##### Exercise material

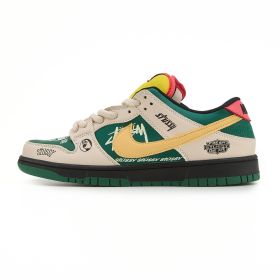 Кросівки Кроссовки ^/--/^ Nike SB Dunk Low x Stussy Racer Custom 38 - фото фото фото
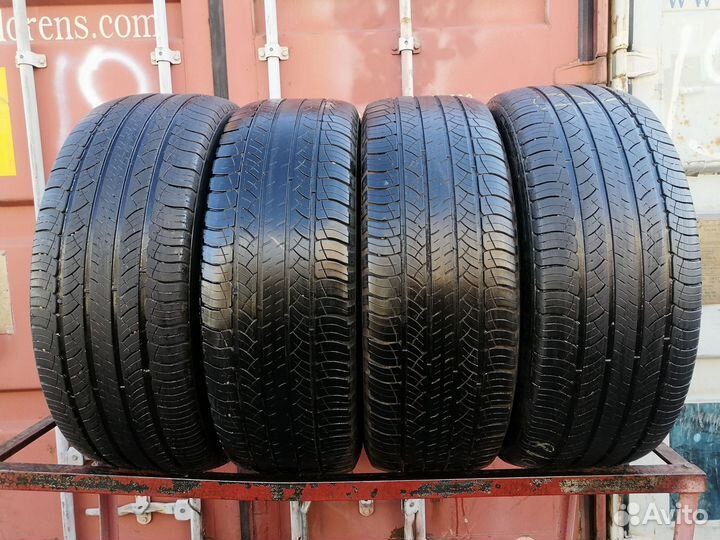 Michelin Latitude Tour HP 265/60 R18 110H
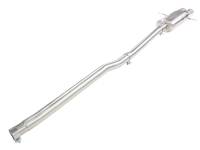aFe Power (Advanced FLOW Engineering) - aFe MACHForce XP Cat Back Exhaust 07-13 Mini Cooper S L4 1.6L (Turbo) R56/R57/R58 - Image 2
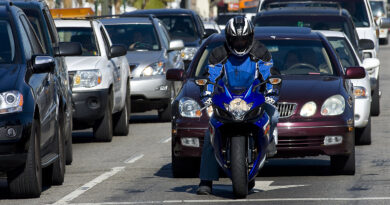 Motorcycle Safety Awareness Month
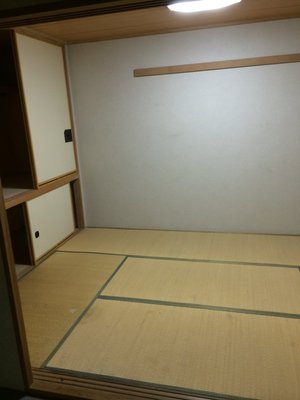 施設入居に伴う整理:札幌市東区の施工後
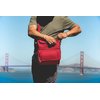 PICNIC TIME Red Tampa Bay Buccaneers Pranzo Lunch Tote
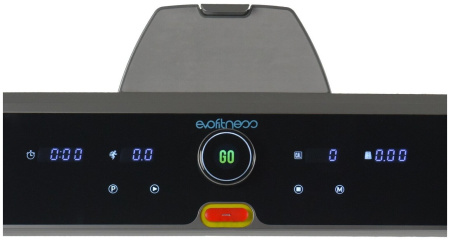 Беговая дорожка электрическая Evo Fitness Delta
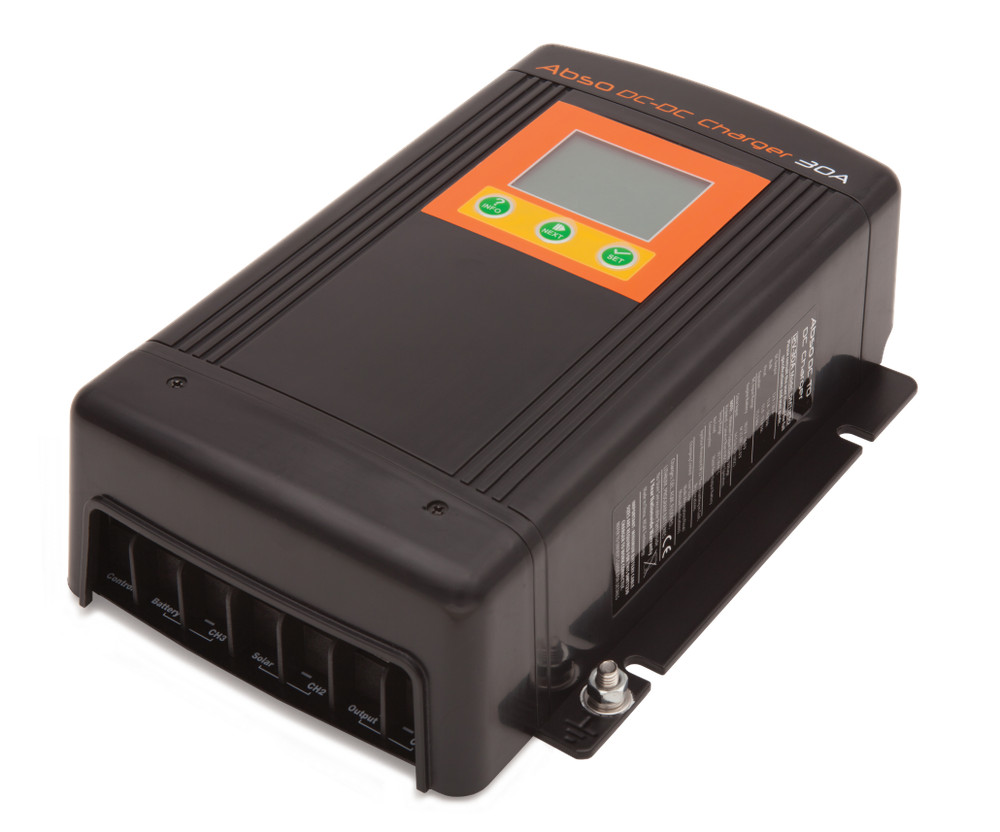 KISAE Abso DC-DC Charger 50A  DMT1250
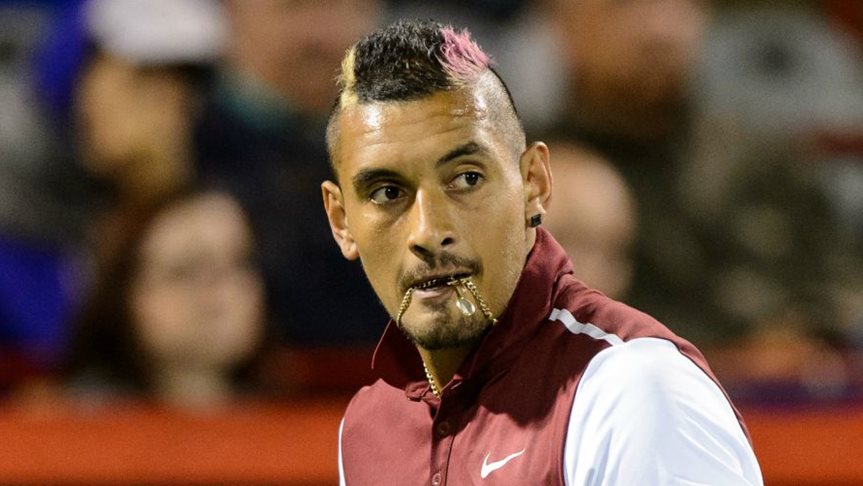 Εκπληκτικός ο Νικ Κύργιος: Προκρίθηκε στον τελικό στο Τόκιο - Media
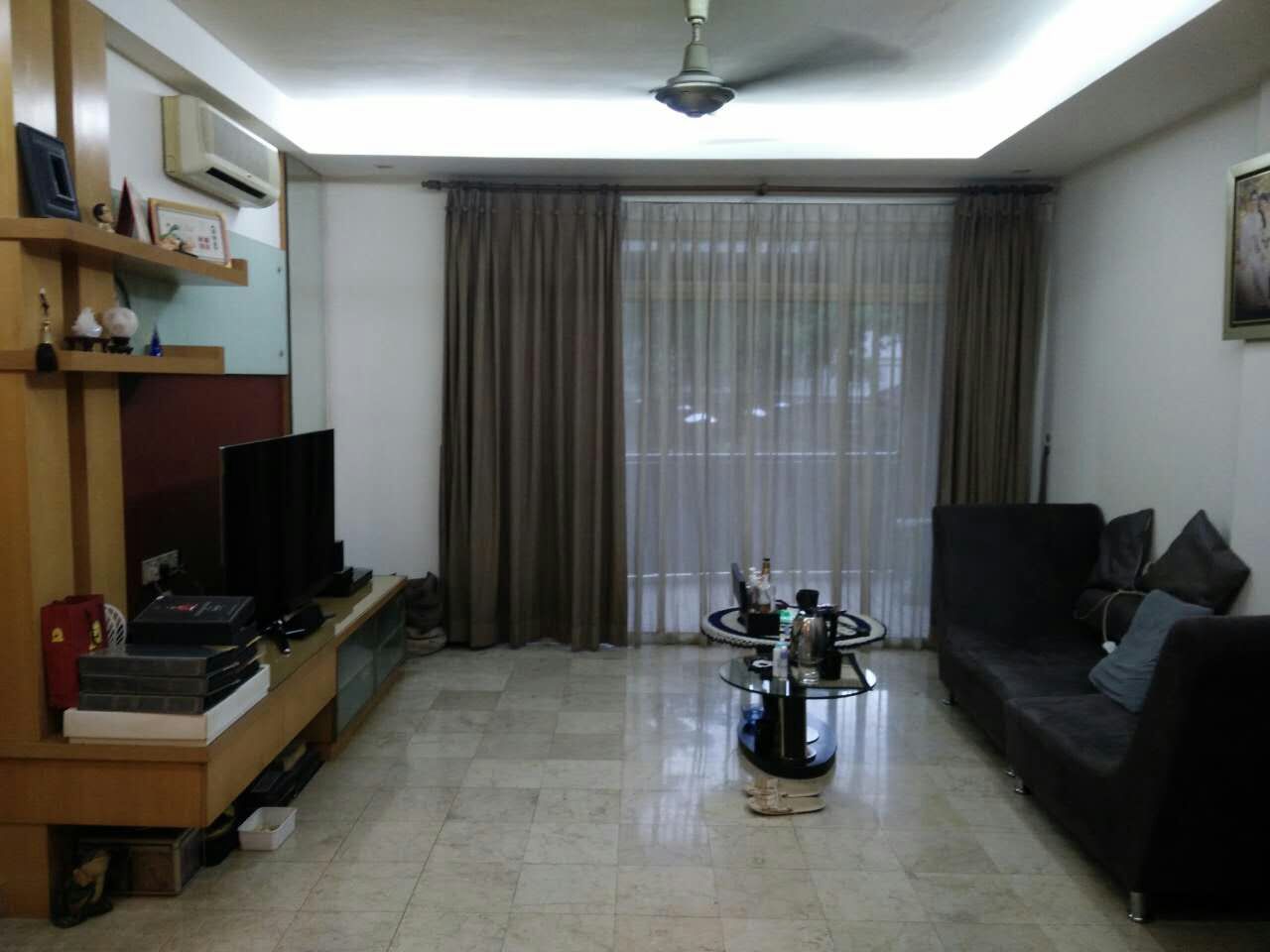 Bungaraya Condominium, Saujana, Shah Alam - photo 2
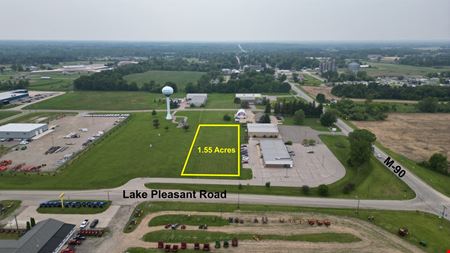 Photo of commercial space at Lake Pleasant Rd in North Branch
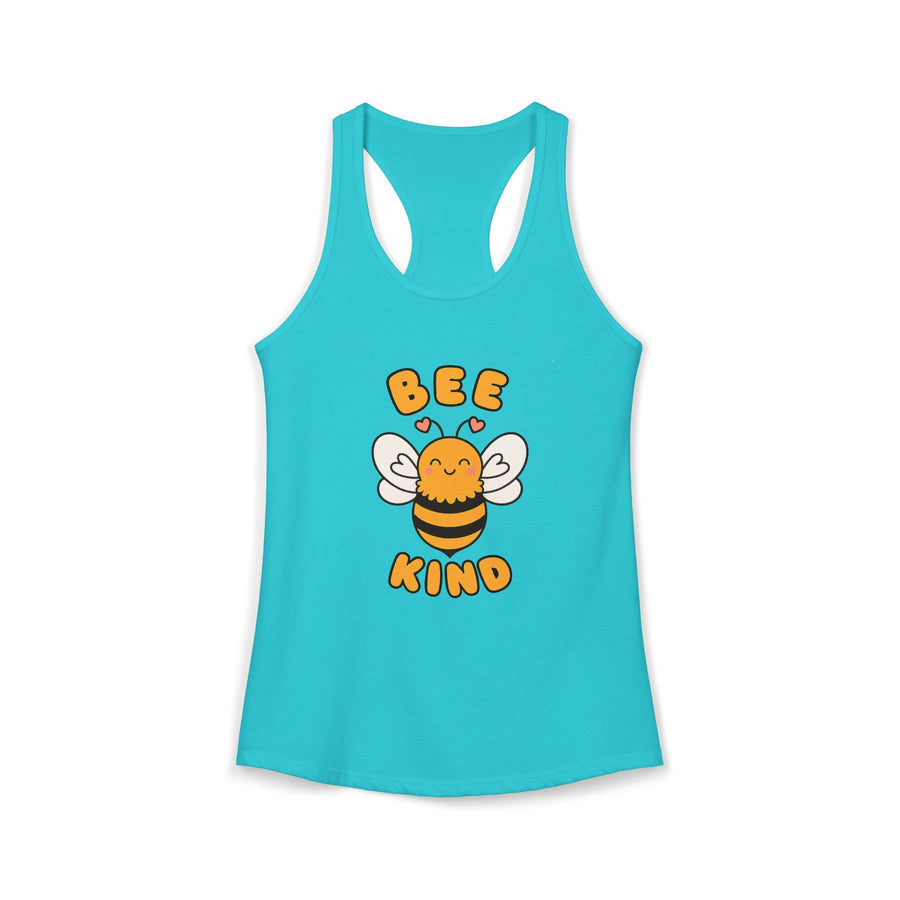 Bee Kind Women's Racerback Tank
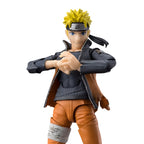 Naruto Uzumaki The Power To Unite S.H.Figuarts Action Figure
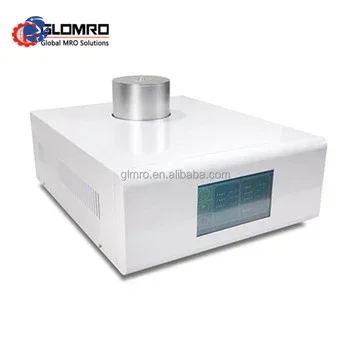 Instrumento analisador de análise de analisadores de calorímetro de varredura térmica diferencial TGA DSC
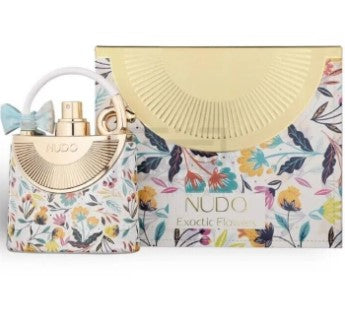 Nudo Exotic Flowers Eau De Parfum 80ml Fragrance World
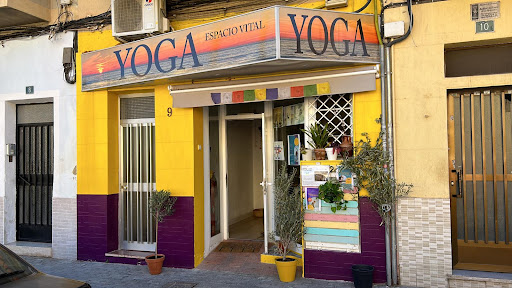 Centro de Yoga Yoga Espacio Vital Alicante – Alicante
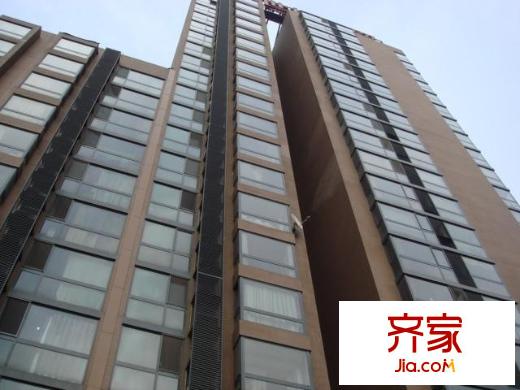 世桥国贸公寓外景图楼盘图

##########

**To do:** Retype every entry above exactly, leaving out the pictures.

**Solution for this exercise:**
 Кросівки Кроссовки ^/--/^ Nike SB Dunk Low x Stussy Racer Custom 38 - фото фото фото
 Michelin Latitude Tour HP 265/60 R18 110H
aFe Power (Advanced FLOW Engineering) - aFe MACHForce XP Cat Back Exhaust 07-13 Mini Cooper S L4 1.6L (Turbo) R56/R57/R58 - Image 2
 Motorcycle Safety Awareness Month
 施設入居に伴う整理:札幌市東区の施工後
 PICNIC TIME Red Tampa Bay Buccaneers Pranzo Lunch Tote
 Беговая дорожка электрическая Evo Fitness Delta
 KISAE Abso DC-DC Charger 50A  DMT1250
 Εκπληκτικός ο Νικ Κύργιος: Προκρίθηκε στον τελικό στο Τόκιο - Media
 Bungaraya Condominium, Saujana, Shah Alam - photo 2
 Photo of commercial space at Lake Pleasant Rd in North Branch
 Bee Kind Women's Racerback Tank
 Naruto Uzumaki The Power To Unite S.H.Figuarts Action Figure
 Instrumento analisador de análise de analisadores de calorímetro de varredura térmica diferencial TGA DSC
 Nudo Exotic Flowers Eau De Parfum 80ml Fragrance World
 Centro de Yoga Yoga Espacio Vital Alicante – Alicante
 世桥国贸公寓外景图楼盘图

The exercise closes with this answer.